IVC and torque placement
IVC largely determines where the powerband lands. Earlier closing favors low rpm cylinder pressure with a lower powerband. Later closing shifts the curve to the right. In a truck that’s used like a truck, staying in the mid-30s ABDC keeps it feeling responsive unless converter and gearing support moving it.

Between the Titan 2 (34* IVC) and our SUM-8719R1 (36* IVC), you’re looking at a 3* shift. That’ll make a slight change where the power comes in, but it’s not like a tow truck compared to a racecar.

Both cams reduce overlap compared to what you’re running now, which will improve idle quality and help limit reversion and pressure pulses that contribute to the blower noise.
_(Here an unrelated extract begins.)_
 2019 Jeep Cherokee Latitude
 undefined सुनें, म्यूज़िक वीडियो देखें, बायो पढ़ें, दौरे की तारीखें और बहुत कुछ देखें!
If the stock converter is staying for a while, the 34* IVC of the Titan 2 will feel a little closer to what you’re used to. If the 2,800 stall is going in, the 36* IVC of our SUM-8719R1 makes sense because the converter will help mask that small shift and let the engine operate where that cam is happiest.

At this point, you’re already in a narrow window. There isn’t a hidden magic cam that’s going to suddenly transform everything without some trade-off. Both cams being discussed are great options for what you're trying to do. It just comes down to your priorities for the combo.

Let us know if we can be of any further assistance. We’ll be happy to help.